Nicolas Sarkozy : "J’ai la France en moi, je n’y peux rien"

L'ex-président évoque les dossiers brûlants de l'actualité et dresse le bilan de son quinquennat dans une interview accordée aux lecteurs du Parisien.

A l’occasion d’une longue interview de 2h30 accordée à 7 lecteurs du Parisien, Nicolas Sarkozy a évoqué plusieurs dossiers brûlants, notamment le déploiement militaire aérien français en Syrie. Selon l’ancien président, qui n’a de cesse de critiquer les démarches de François Hollande à ce sujet, il faut aller combattre au sol pour vaincre l’Etat islamique. "Ça doit leur fait peur aux dirigeants de Daech, ils sont certainement terrorisés", a ironisé Nicolas Sarkozy. "Il faut intervenir pour gagner, donc bombarder massivement le groupe Etat islamique. C’est un scandale qu’on laisse ces barbares tuer, violer, détruire Palmyre, le cœur de la civilisation mondiale", a-t-il déclaré, estimant qu’un rapprochement avec Vladimir Poutine serait une solution. "Pensez-vous vraiment que Daech peut mettre en échec 22 des pays les plus puissants au monde ?", a interrogé Nicolas Sarkozy, selon qui, la Syrie pourrait être libérée "en quelques mois".

Le rétablissement des frontières

Concernant la crise des migrants, le président des Républicains a réaffirmé son avis favorable aux rétablissements des frontières entre les Etats européens. "Il y a une semaine, Mme Merkel a dit qu’elle accueillerait les réfugiés. En trois jours, l’Allemagne a été submergée, parce que tout le monde s’est précipité.
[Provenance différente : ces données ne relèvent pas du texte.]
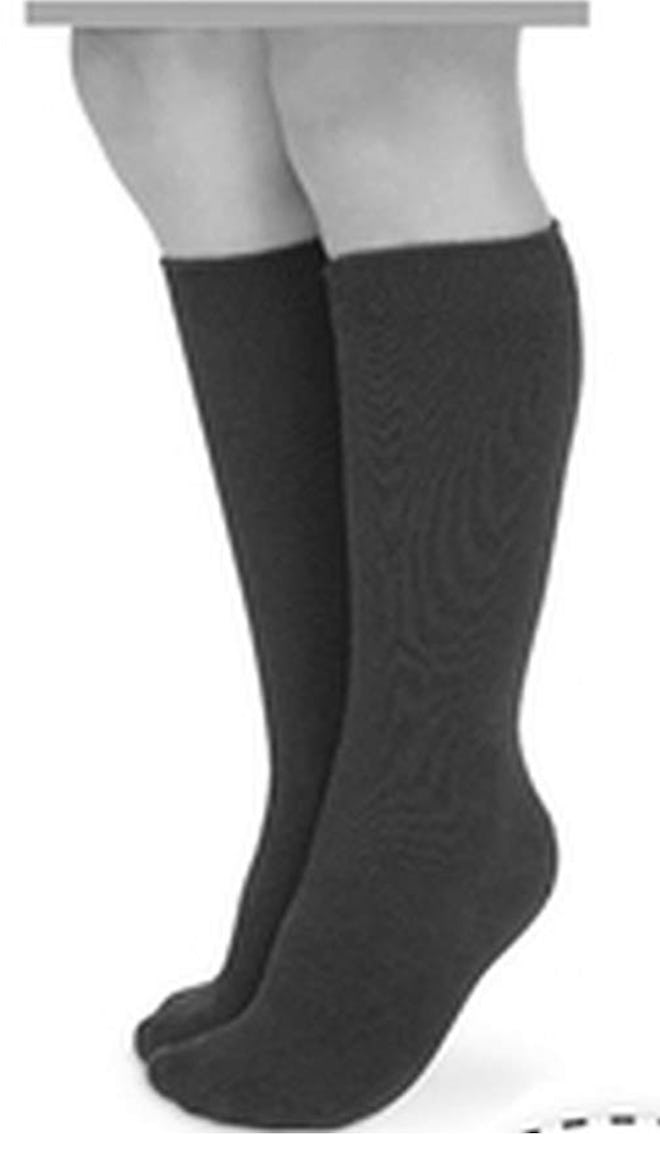 Boy's Dress Knee Socks for Shorts Knickers or Outfits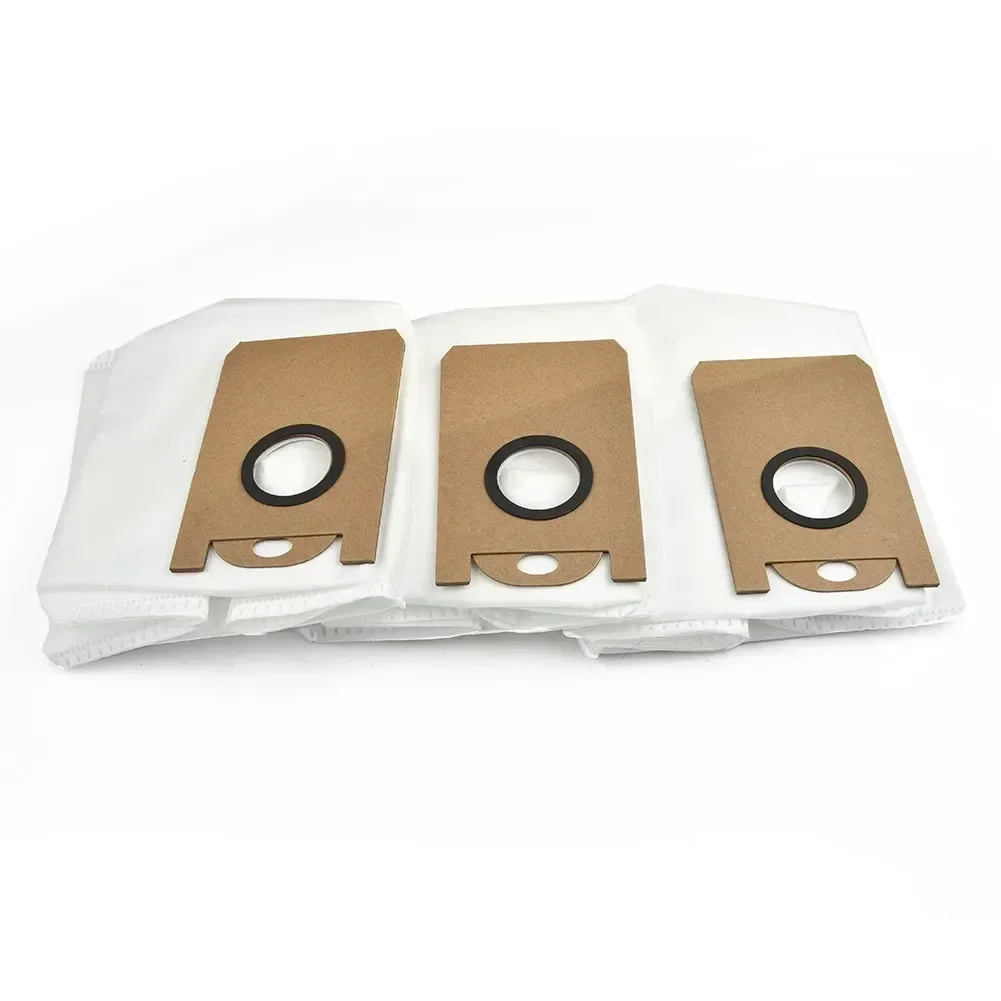 

3 Pack Vacuum Cleaner Dust Bag Fit For Ultenic Robot Vacuum Cleaner Replacement Spare Parts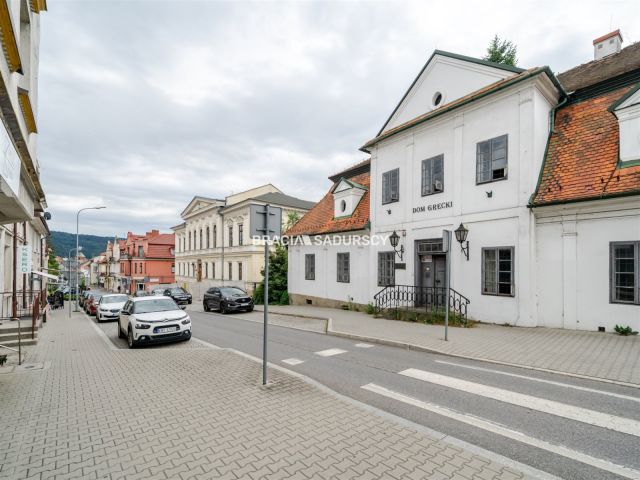 dworek, 10 pokoi Myślenice, ul. Jana Sobieskiego. Zdjęcie 34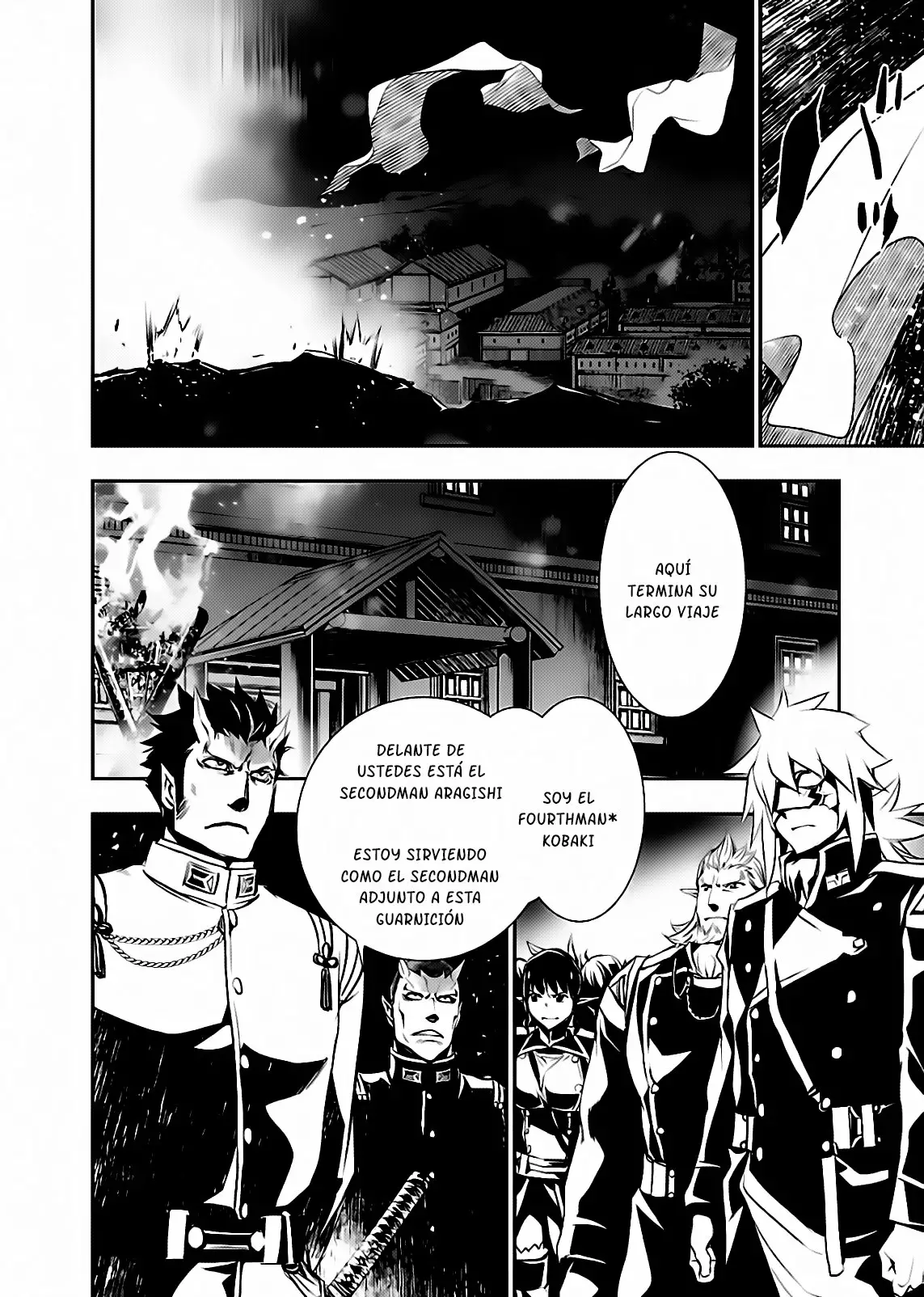 Página 34 del Manga
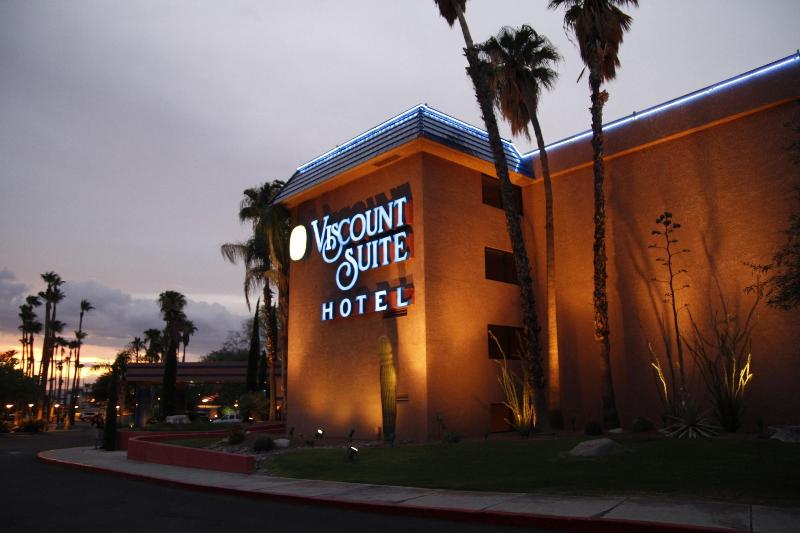 호텔 Ramada By Wyndham Viscount Suites Tucson East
Il faut maîtriser la situation en suspendant Schengen, comme l’a fait Mme Merkel, et en le réformant", a-t-il indiqué, précisant, "tant que la crise est là".

Le porc dans les cantines

Quand Madina Nouinoui, lecteur du Parisien, demande à Nicolas Sarkozy pourquoi les plats sans porc posent tant de problème aujourd’hui à l’école, la réponse de son interlocuteur est sans appel : "Ce n’est pas à la République de s’adapter au désir de chacun". "Face à l’augmentation des phénomènes migratoires et des tentations communautaires, il faut dire stop ! Il n’y a pas de cantine pour les petits juifs, les petits musulmans, ou les autres : il y a la cantine pour tous !" a lancé Nicolas Sarkozy.

Si c'était à refaire ?

L’ancien président dresse le bilan de son quinquennat et avoue, que s’il ne changerait rien à sa politique, il changerait sa façon d’être s’il le pouvait : "J’ai tellement de convictions que je vais parfois trop rapidement à la réponse. Le parler-vrai peut devenir un parler-brutal. Et cela peut blesser. Je le regrette après. Aujourd’hui, je prends plus de précautions. J’aime discuter, j’aime convaincre. J’ai la France en moi. Je n’y peux rien".

Pour autant, Nicolas Sarkozy ne dira pas s’il projette de se présenter aux élections présidentielles de 2017 : "Si je dis dans le Parisien que je suis ou non candidat, je mets par terre la campagne de tous les candidats (des élections régionales). Je ne suis pas focalisé sur mon nombril".